Придет время — население города, к слову сказать, увеличившееся за последнее десятилетие почти в восемь раз, полностью переедет в благоустроенные квартиры. И может быть, кто-нибудь догадается возвести на постамент последний балок, романтичный и незабываемый, как каравелла времен великих открытий...
Я помню Сургут 63-го. Деревянный тихий поселок словно бежал от болот и споткнулся, уткнувшись в широкое течение Оби. Домики с палисадниками, где цвели ноготки, львиный зев и бархатцы, неторопливая, неприметная жизнь...
Размеренные дни вдруг словно подхлестнули. Это началось с приходом геологоразведчиков.

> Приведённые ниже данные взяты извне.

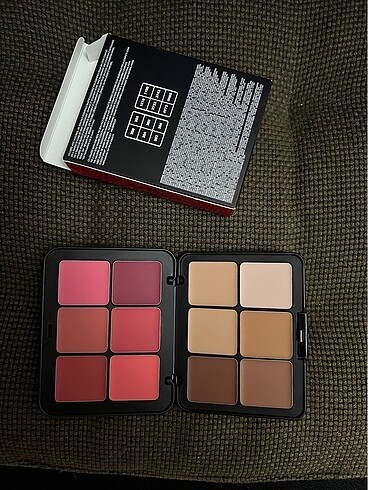Make up Forever 12?li Far Paleti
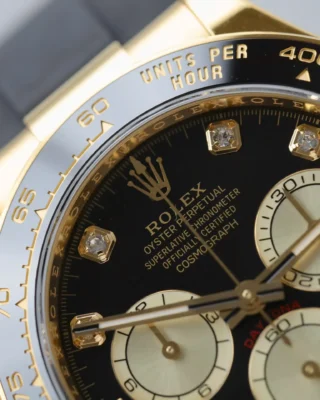 Rolex Daytona Black Dial Black Bezel Golden Case Oysterflex Bracelet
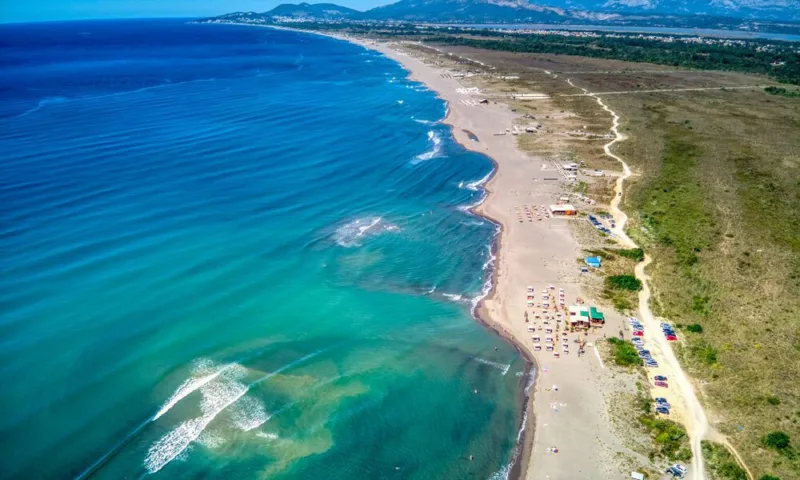 v. plaža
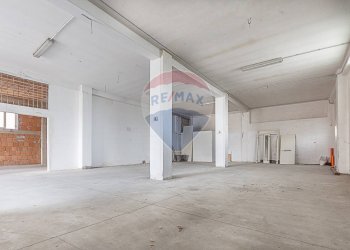 Parcheggio - Capannone Via della bonifica
 
25, Cepagatti - foto 4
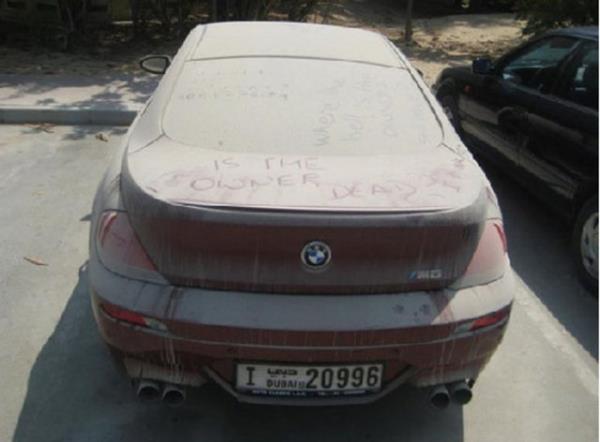 Bu nedenle Dubai'den ayrlrken aracn kaderine terkedenlerin says artyor.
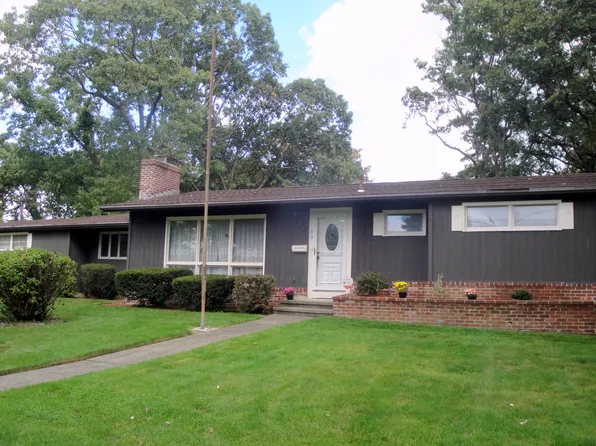 62 Mullen Rd, Warwick, RI 02888
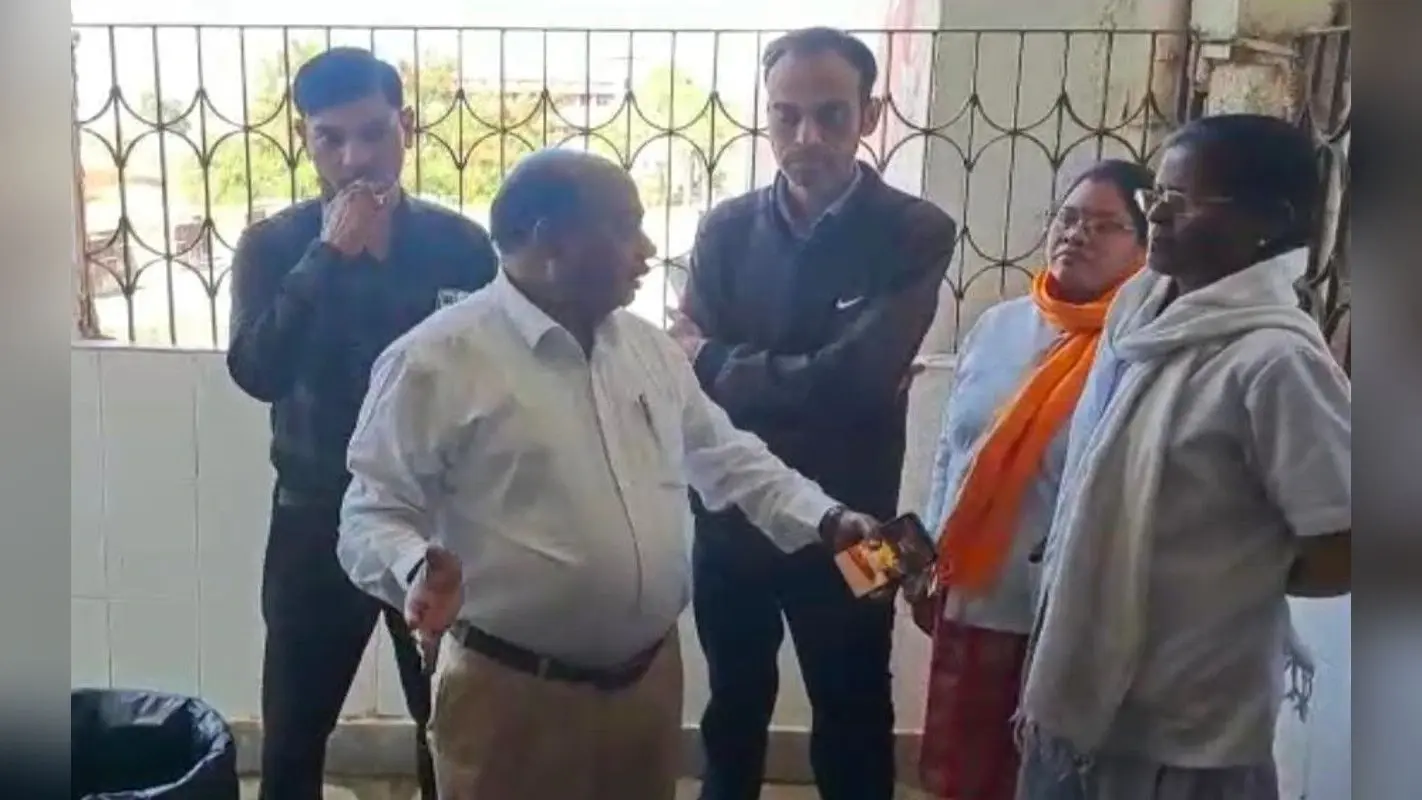 Jharkhand News: सरायकेला सदर हॉस्पिटल के दूसरे तल्ले से एक मरीज ने कूदकर दी जान, जानें पूरा मामला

Тогда, в 63-м, здесь работала экспедиция Бориса Власовича Савельева, ныне лауреата Ленинской премии.
И еще я помню напряженное чувство новизны, узнавания, открытий, охватившее меня с той минуты, как я ступила на маленький песчаный аэродром Сургута. С первых же шагов закрутило, понесло, и уже на ходу, выбираясь из массы впечатлений, я вдруг поняла, что присутствую при «сотворении мира». Не только потому, что в глухих углах тайги и тундры возникали буровые, новые поселки, прокладывались трассы. Здесь строились, создавались, утверждались новые человеческие отношения. Дружба, единство, преданность делу — все эти слова облекались живой плотью.

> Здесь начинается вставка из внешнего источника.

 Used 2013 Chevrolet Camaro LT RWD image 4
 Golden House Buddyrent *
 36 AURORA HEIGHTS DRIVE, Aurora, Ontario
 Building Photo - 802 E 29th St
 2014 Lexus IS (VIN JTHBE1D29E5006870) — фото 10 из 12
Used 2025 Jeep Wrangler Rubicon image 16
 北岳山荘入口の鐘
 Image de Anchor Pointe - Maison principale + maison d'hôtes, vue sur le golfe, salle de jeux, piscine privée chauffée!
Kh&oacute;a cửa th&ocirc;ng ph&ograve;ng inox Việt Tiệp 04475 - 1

Рубанко из когорты первооткрывателей начала шестидесятых. Выпускник Ленинградского политехнического, он прошел до Сибири хорошую школу: нефтепроводы и газопроводы Казань — Горький, Баку — Тбилиси — Ереван, «Дружба». На Тюменщину попал в шестьдесят четвертом.

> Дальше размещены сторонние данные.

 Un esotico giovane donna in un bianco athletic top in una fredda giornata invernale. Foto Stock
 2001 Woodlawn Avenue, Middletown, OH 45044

— Должен сказать, что Западная Сибирь тех лет была для нас действительно терра инкогнита. — Рубанко щурится, и в его лице появляется задорное, очень знакомое выражение — так тюменские первооткрыватели, ставшие ныне серьезными и заслуженными, вспоминают свою богатую юность. — Никто из нас прежде не работал в тайге или тундре, все здесь для нас было совершенно неожиданным. Что такое зимник? Каков характер всех этих бесконечных рек, речек, речушек? Как тянуть по болотам и тундре нитки трубопроводов? Ответы на эти вопросы могла дать только практика! Мы работали методом проб и ошибок — иного, собственно, и быть не могло...
Оглядываясь назад, я думаю все же, что мы отчасти достойны снисхождения за полную, фанатичную преданность своему делу. Помню, надо было доставить трубы на 108-й километр трассы. Там есть озеро с романтическим названием Туман. Для нас это действительно был туман, поскольку мы о нем ничего не ведали, кроме того, что надо найти фарватер, по которому можно переправить трубы.